A little story I heard this morning: A freelance digital consultant is asked to review an ongoing project in a large company. He writes a report pointing out that a number of things need to be reconsidered and that it is a good idea to step aside and rethink the goal of the project. The report causes a big shock in the organisation. They hadn’t expected criticism but later admit they agree with most of the report. They don’t know how to handle change at this point in the project and the consultant report becomes ‘a situation’. The project continues its predefined course.
Corporate projects don’t fail
Running a digital project in a large organisation is a process, a well defined process, with a clear beginning and an end. A process with certain tasks, people and roles and a well defined number of steps. The first law in projects there is that they move f-o-r-w-a-r-d. They are never supposed to move backwards. The way they move forward is reported in a ‘progress report’. Progress reports are designed to move forward. Possibly too slow, but forward they go.

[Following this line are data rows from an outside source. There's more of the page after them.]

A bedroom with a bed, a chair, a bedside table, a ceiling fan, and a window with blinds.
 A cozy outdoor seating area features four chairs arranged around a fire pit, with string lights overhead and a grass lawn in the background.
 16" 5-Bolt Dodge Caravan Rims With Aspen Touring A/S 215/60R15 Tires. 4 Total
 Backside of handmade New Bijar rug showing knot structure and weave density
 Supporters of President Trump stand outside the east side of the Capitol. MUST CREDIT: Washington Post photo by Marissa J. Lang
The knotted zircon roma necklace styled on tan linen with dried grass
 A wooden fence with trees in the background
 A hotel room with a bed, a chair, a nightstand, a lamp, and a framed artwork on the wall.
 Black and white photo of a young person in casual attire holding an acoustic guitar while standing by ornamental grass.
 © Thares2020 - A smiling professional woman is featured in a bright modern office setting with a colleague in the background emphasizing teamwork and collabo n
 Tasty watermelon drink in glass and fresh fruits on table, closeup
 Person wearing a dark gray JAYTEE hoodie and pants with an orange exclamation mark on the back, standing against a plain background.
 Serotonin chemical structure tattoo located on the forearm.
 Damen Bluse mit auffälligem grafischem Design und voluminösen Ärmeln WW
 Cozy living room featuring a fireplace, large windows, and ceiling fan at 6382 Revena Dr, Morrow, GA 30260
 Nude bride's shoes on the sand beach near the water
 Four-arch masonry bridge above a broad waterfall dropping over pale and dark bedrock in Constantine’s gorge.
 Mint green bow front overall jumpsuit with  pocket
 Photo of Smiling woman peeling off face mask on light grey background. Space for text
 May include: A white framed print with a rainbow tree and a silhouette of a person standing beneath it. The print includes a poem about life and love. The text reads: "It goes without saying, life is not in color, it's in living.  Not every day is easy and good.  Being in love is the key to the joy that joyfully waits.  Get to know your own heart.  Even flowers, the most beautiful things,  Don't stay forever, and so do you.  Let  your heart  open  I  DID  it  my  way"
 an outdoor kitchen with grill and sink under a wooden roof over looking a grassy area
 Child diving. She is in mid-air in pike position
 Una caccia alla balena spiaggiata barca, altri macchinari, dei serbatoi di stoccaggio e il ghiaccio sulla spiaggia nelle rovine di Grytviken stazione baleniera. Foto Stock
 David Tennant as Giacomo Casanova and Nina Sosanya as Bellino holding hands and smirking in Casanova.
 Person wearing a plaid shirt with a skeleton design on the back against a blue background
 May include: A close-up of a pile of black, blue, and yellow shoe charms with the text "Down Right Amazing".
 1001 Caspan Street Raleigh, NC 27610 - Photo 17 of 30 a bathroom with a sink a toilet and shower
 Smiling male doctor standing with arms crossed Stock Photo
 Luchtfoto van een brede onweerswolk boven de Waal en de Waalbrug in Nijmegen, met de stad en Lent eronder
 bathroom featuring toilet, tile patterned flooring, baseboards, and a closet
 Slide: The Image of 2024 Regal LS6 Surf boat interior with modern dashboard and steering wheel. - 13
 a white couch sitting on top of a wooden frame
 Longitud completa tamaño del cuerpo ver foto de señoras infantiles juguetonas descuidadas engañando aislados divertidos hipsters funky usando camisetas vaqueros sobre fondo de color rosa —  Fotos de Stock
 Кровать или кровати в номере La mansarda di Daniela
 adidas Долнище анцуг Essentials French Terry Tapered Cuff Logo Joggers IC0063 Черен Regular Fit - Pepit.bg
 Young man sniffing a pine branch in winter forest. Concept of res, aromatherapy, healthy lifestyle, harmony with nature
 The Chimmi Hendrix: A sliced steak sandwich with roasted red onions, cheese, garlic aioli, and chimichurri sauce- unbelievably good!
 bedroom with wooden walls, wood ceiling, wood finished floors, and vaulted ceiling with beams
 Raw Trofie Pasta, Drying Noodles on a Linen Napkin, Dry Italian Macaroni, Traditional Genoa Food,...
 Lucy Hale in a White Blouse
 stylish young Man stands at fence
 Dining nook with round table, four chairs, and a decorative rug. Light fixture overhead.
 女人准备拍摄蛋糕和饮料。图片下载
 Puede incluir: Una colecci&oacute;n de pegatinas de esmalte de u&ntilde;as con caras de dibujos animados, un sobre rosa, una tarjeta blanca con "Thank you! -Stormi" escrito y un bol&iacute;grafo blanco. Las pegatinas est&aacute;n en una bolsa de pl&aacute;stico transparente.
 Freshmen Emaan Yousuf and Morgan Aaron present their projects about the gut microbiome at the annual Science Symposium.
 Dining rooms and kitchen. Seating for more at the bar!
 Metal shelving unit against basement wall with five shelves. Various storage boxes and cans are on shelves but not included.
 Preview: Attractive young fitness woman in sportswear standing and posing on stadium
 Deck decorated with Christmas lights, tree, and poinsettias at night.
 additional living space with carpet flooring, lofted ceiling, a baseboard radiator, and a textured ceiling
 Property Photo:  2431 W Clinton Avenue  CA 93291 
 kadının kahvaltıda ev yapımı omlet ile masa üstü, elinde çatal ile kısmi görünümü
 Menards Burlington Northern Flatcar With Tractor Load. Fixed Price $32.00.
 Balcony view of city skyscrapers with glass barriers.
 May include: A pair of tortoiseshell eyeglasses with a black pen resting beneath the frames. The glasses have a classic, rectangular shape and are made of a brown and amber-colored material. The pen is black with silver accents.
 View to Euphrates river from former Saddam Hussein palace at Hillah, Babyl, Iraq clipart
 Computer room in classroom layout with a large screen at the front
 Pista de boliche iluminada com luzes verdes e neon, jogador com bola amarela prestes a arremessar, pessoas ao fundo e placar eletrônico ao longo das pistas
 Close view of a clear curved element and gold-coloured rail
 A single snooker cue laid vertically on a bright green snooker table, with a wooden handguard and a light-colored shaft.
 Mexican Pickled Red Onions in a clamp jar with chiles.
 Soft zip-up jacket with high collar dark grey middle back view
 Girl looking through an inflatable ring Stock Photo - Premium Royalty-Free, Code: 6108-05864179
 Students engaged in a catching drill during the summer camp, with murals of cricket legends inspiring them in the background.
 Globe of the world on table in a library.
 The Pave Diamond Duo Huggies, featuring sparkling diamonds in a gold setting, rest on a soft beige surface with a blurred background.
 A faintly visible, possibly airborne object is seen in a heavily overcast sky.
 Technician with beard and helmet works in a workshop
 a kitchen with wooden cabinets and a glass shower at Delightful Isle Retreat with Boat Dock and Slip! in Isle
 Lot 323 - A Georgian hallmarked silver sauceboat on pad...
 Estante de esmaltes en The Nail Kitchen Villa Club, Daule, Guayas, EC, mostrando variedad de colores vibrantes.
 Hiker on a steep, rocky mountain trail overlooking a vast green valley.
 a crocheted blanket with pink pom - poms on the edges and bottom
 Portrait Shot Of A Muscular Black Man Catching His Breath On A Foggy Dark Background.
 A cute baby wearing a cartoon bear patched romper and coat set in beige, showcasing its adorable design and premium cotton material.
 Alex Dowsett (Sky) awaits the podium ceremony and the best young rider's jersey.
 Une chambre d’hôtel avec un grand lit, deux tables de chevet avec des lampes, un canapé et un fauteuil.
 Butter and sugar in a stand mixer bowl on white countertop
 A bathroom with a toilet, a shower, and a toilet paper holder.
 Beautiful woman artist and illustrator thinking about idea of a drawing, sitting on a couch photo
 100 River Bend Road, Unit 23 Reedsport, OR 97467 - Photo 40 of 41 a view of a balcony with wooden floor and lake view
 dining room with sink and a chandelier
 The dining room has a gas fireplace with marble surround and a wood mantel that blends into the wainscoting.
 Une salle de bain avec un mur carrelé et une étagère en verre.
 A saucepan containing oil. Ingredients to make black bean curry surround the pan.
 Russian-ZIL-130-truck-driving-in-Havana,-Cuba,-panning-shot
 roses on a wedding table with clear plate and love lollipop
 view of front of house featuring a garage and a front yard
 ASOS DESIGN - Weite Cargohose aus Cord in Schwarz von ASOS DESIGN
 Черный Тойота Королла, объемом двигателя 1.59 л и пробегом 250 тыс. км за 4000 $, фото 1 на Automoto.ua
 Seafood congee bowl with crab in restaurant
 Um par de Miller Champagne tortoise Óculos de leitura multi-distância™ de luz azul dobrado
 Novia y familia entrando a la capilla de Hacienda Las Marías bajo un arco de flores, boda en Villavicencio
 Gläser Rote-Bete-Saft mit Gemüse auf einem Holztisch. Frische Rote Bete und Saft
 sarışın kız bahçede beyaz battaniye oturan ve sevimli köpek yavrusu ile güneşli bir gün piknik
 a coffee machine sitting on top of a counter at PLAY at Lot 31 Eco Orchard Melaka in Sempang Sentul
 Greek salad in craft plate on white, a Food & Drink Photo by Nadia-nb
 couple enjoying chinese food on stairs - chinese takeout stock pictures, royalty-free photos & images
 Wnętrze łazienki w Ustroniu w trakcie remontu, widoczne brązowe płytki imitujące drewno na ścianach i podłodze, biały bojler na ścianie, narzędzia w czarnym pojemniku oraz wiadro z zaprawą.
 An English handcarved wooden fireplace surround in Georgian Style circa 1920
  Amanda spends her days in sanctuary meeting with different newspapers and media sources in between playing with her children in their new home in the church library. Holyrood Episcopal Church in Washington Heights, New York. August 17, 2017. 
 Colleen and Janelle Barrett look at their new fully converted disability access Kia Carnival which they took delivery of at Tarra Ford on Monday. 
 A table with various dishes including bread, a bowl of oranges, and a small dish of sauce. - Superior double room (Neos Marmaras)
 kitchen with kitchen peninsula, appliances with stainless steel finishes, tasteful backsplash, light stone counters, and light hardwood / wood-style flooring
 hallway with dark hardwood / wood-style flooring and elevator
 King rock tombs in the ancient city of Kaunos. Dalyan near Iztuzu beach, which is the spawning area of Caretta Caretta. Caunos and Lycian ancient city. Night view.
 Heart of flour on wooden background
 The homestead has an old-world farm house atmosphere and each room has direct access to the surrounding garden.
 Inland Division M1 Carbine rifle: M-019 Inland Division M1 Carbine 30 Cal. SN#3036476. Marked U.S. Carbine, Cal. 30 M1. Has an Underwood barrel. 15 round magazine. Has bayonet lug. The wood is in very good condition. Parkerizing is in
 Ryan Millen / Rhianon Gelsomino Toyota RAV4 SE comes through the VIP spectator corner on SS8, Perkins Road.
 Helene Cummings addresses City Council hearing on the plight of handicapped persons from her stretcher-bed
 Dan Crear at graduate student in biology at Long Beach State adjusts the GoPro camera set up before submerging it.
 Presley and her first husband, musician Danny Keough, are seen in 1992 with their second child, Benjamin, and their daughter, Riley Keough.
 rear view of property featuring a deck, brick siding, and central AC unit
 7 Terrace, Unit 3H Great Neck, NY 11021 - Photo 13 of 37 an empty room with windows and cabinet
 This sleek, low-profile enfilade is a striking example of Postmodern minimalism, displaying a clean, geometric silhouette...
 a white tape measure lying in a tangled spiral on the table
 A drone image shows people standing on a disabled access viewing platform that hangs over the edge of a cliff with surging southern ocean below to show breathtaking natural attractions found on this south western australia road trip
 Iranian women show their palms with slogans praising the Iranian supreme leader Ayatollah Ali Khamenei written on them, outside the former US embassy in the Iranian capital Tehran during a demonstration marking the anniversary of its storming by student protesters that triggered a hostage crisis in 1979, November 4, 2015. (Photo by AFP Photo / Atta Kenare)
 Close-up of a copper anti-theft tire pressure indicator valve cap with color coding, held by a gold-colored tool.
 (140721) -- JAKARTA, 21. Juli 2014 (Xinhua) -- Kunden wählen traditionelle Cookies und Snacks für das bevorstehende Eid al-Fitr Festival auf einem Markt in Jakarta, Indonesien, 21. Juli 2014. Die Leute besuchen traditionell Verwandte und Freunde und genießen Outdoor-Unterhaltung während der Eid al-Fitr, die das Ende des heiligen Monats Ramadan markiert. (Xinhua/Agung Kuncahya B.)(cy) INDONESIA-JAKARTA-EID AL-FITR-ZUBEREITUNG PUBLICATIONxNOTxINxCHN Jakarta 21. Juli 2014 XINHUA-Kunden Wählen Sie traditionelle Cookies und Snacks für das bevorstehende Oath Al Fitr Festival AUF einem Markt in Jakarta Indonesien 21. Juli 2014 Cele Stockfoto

I have seen a number of projects, in my humble career, that should have been stopped at some point. Projects of which everybody directly involved agreed they were lost. The types of projects that go horribly over expected date and budget. The kind of project that causes rumours around the organisation and anyone involved in those projects gets the stain of ‘project disaster’. But rarely have I seen someone pull the plug. And the longer things go wrong, the more money is spent and the more difficult it becomes for someone to come forward and say: ‘Shall we just stop now?’. So these projects continue, come to some undefined end and anyone who can get away from them and loose ‘the stain’ will do so. Rather sooner than later. In many organisations these projects become taboo. You don’t mention them anymore once they’re finished. Consequently an opportunity for learning from a failure is lost.
Not quite what happens in startups. Do startups ever change mode, I wonder? Is there something like initiation and project mode? There probably is in the financial side of the picture. I will find out more in the interviews I will be doing in the coming weeks. But from what I have experienced and witnessed, startups have a long period of redefining themselves and if necessary reinventing themselves as they go. There are a number of reasons why this happens.
As a startup dives deeper into the reality of things, they encounter surprises. Sometimes good surprises but lets face it: this planet is much better equipped for bad surprises. One of the surprises can be technical. Assumptions were made that don’t hold true when faced with reality. In that case quick and very creative thinking needs to be done in orde to either fix the problem or find a way around it. Or simply bite the bullet and stop.
Blinded by the light
Another very common case is the misunderstanding or misinterpretation of your market. You were focussed on a certain problem and trying to solve that. You were blinded by your own enthusiasm but when you get to the bottom of it you notice that the much larger problem is lying right next to it. You can then either continue barking up the wrong tree or shift to a new problem and invent a new solution. That means you let go of all the hard work you have been doing up til then and go back to the drawing table. This is one of the topics I will be discussing with Bart Van Der Roost, COO and co-founder of Neoscores, in the first of a series of interviews (coming soon!).
Struggle for survival
The only way a startup can survive is by choosing the right problem to solve and by offering the spot-on solution to that problem. It is this struggle for survival that allows and forces startups to rethink themselves. Do they like it: no. Does it hurt: certainly. Does it cost money: of course. But the sooner they identify that plans aren’t going in the right direction, the less money and effort it costs to stop and rethink. Startups are in a context of life or death. The success of the project is the succes of the company. The failure of the project is the end of the company. Corporate organisations never work under this type of pressure.